[Stored dataset items]

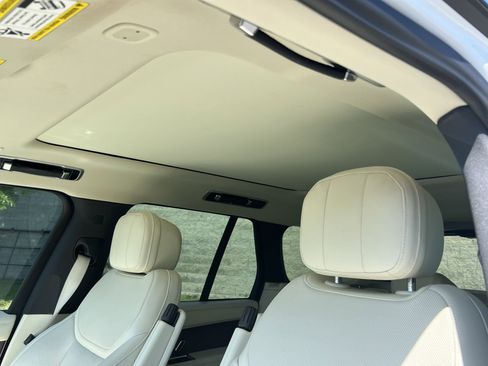 Certified 2024 Land Rover Range Rover SE AWD/4WD image 18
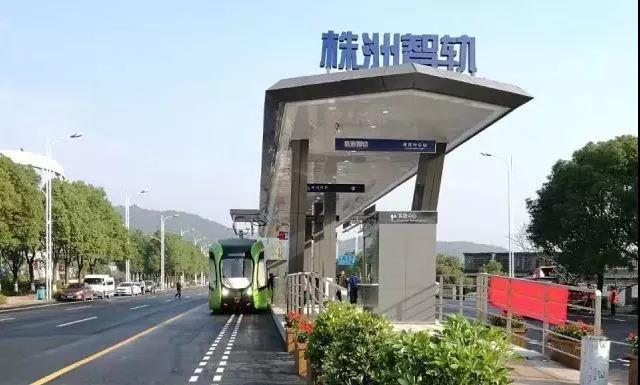 全球首條智軌在四川開(kāi)通 車載傳感器為列車保駕護(hù)航 全球首條智軌在四川開(kāi)通 車載傳感器為列車保駕護(hù)航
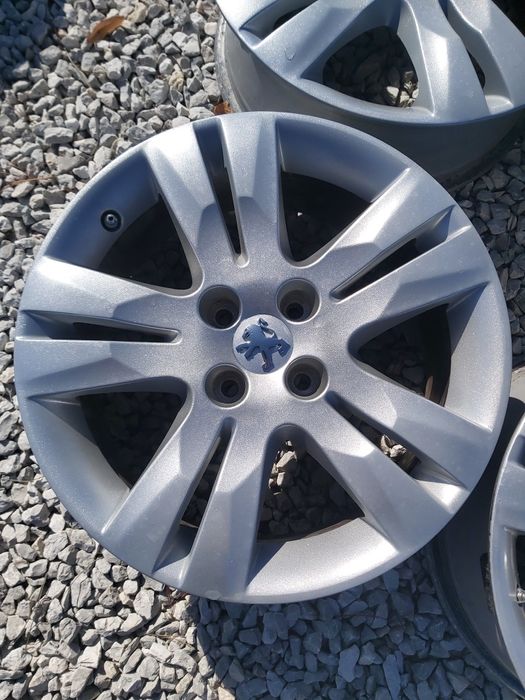 4x108..17.цола 7j..ET29 оргинални Пежо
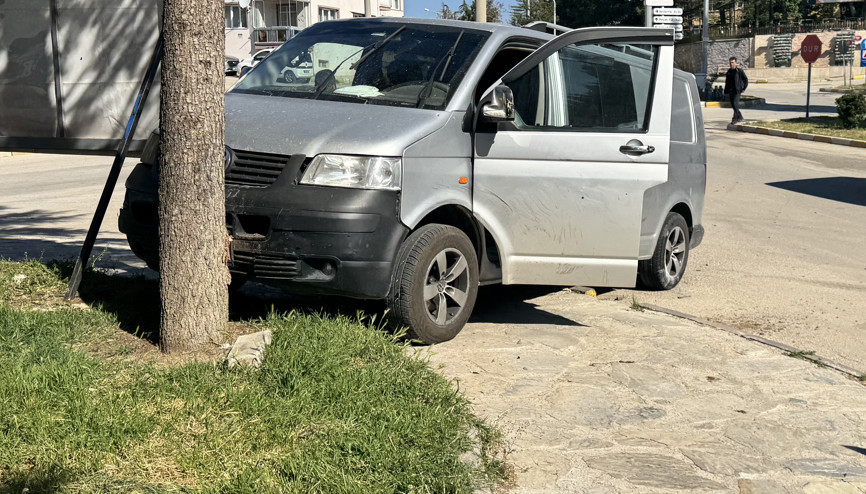 Yalvaçta araçlar çarpıştı: 1 yaralı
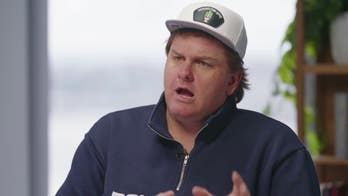 Podcaster Tim Dillon pushes back on CNN reporter after being asked if he's part of 'new establishment'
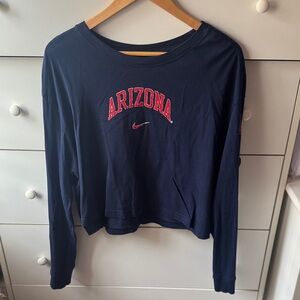 NWOT UNIVERSITY OF ARIZONA NIKE LOOSE TEE CROPPED LONG SLEEVE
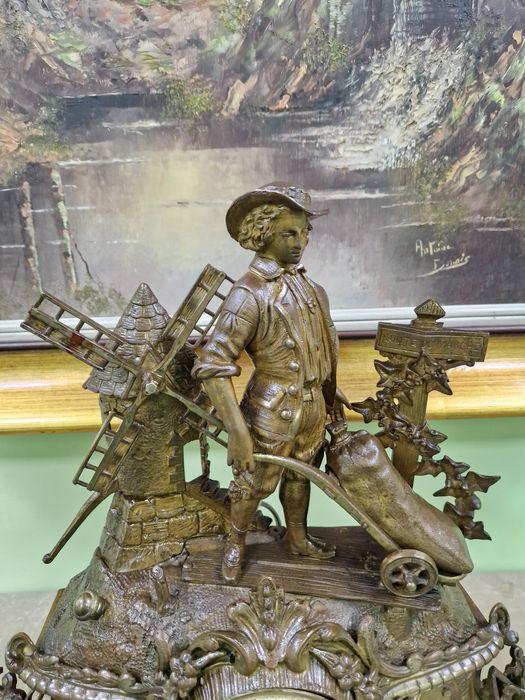 Страхотен антикварен колекционерски френски бронзов каминен часовник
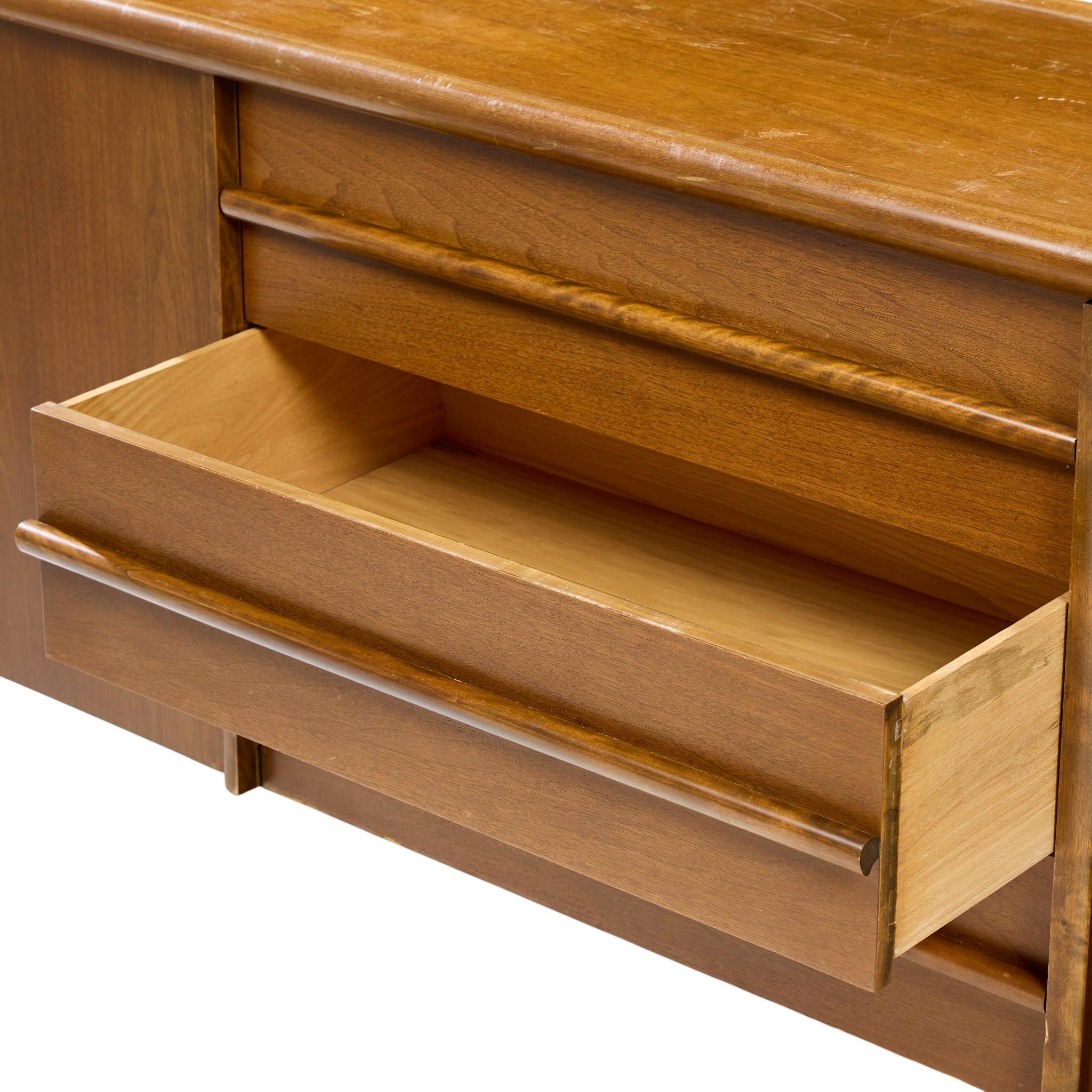 Credenza in noce di Robsjohn Gibbings per Widdicomb, metà del secolo scorso in vendita 1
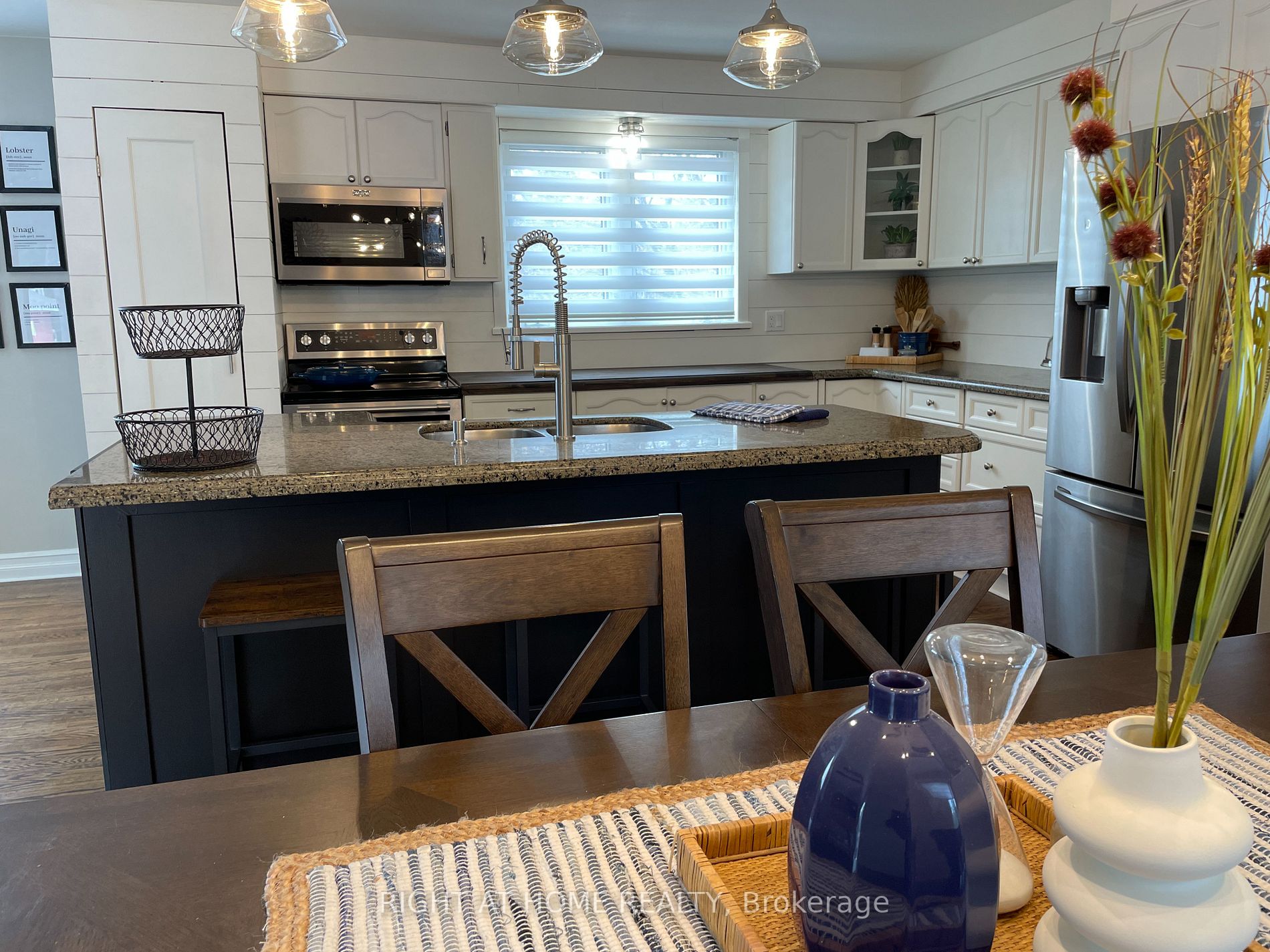 112 Coulter Dr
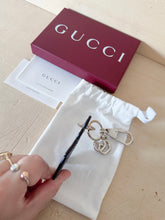 Carica l'immagine nel visualizzatore di Gallery, Gucci Portachiavi Charm Ancora GG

§ WHAT YOU ARE ASKED TO DO: Set down exactly and only the lines from the line that contains "112 Coulter Dr" through the last line of the entries above, with both of those lines included and the pictures left out.

§ WRITTEN ANSWER:
 112 Coulter Dr
 Carica l'immagine nel visualizzatore di Gallery, Gucci Portachiavi Charm Ancora GG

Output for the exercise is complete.